While you did sort of move through the passage of time as you progressed through the exhibition, the displays were much more thematic than they were a definitive timeline of David's career. Although said themes did re-occur when he underwent a significant metamorphosis in his career (which happened a lot!). Prominent examples included:
  • His interest in performance art, including encounters with Andy Warhol and forays into mime and an interest in clowns that would come to the fore most during Scary Monsters...)
David Bowie is in full motion
  • Technology used for his music, such as the synthesisers he used in Berlin and a curious computer programme that took articles from the Internet and cut up words from then in an attempt to find lyrics - like a digital version of how he used to write lyrics, cut them out on pieces of paper and shuffle them around.
  • His use of the music video, with costumes, props and storyboards used in "Ashes To Ashes", "Life On Mars" and "Where Are We Now?"
  • Use of androgyny to liberate a generation, especially in the Hunky Dory stage of his career and inspiration from Japan and the drag artists of Berlin.
  • Fashion (obviously) - the place was littered with his outfits, with many of my favourites being from his "Stage" tour and many of the simple black and white suits from the Thin White Duke era. The further into the exhibition you got the more the focus became his live outfits, accompanied by massive screens showing infamous performances such as the final leg of the "Ziggy Stardust" tour where he broke up the Spiders From Mars on stage (without telling them beforehand!). Another eye-catcher was a ridiculous outfit he wore on SNL to promote the "Stage" tour which made him look like a bottle of maple syrup dressed in a tuxedo.
David Bowie is the height of fashion

  • Album artwork, with lots of great images from the shoots for Aladdin Sane and Diamond Dogs, a massive print of the Scary Monsters sleeve and lots of interesting prototypes to The Next Day artwork.
  • His film career, with posters and paraphernalia from "The Man Who Fell To Earth", "Labyrinth" and a bizarre film where he was cast as Andy Warhol.
David Bowie is The Man Who Fell To Earth
With so much to look at it was a good job I didn't attend on a day when they only gave out timed tickets, my friend and I spent two hours taking it all in!
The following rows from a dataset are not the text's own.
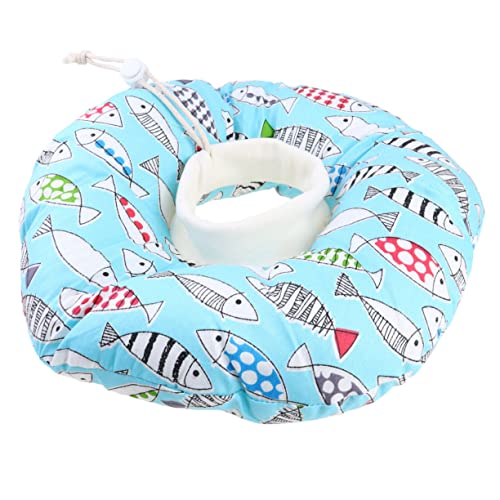 VANZACK Haustierhalsband Für Katze Mit Fischmuster Anti-Biss Anti-leck Schutz Halsband Verstellbar Für Katzenoperationen VANZACK Haustierhalsband Für Katze Mit Fischmuster Anti-Biss Anti-leck Schutz Halsband Verstellbar Für Katzenoperationen von VANZACK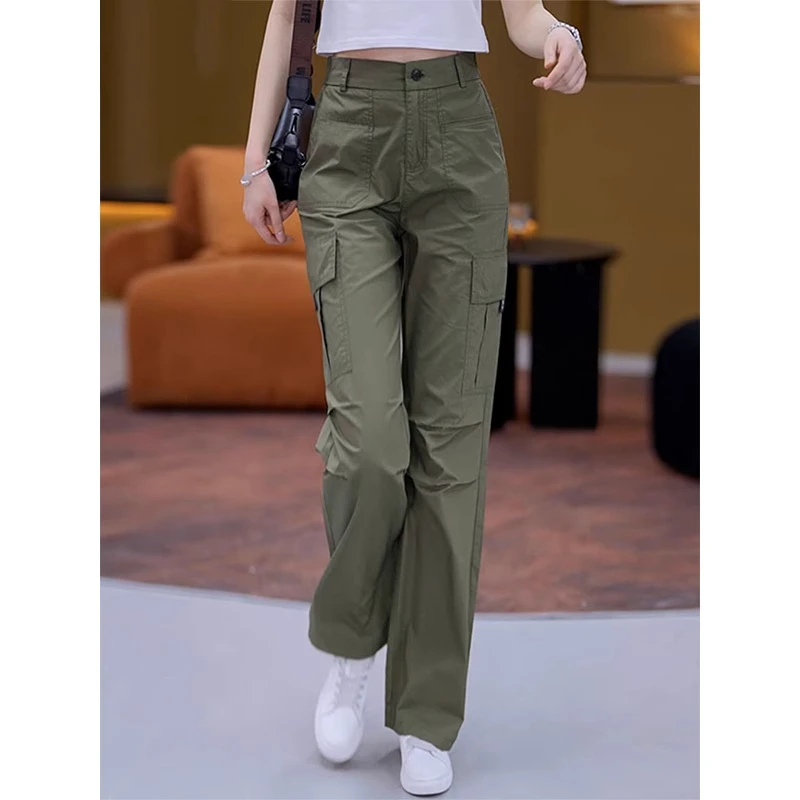 La babite拉贝缇美式工装裤女春夏新款薄款直筒裤宽松显瘦休闲裤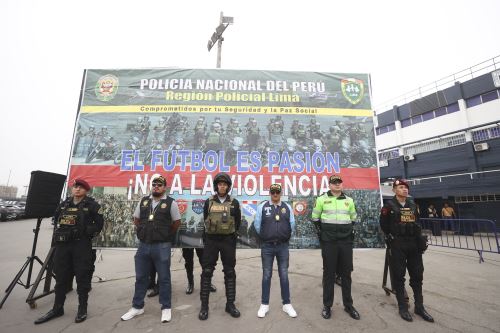 Plan de Operaciones "Amanecer seguro" para el partido entre los equipos de Alianza Lima y Colo Colo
I'd be hard pressed to name a favourite item/aspect of the exhibition, but for me seeing a lot of the handwritten stuff was a particular delight. Below are two examples - David's hand-drawn storyboard for the "Ashes To Ashes" video and rough lyrics to "Lady Stardust". Just something about these types of items added a human element to proceedings - Bowie's so often wrapped up in extraordinary characters, make-up, outfits and concepts it can be easy to think of him as being not of this planet. But it was fascinating to see the humble beginnings of some of his most famous work in his scrawled handwriting and sketches.

"David Bowie Is" runs at the V&A until August 11th before being toured 'round the globe starting in Toronto. I thoroughly recommend it for any Bowie obsessive and urge you to try and make it before it closes.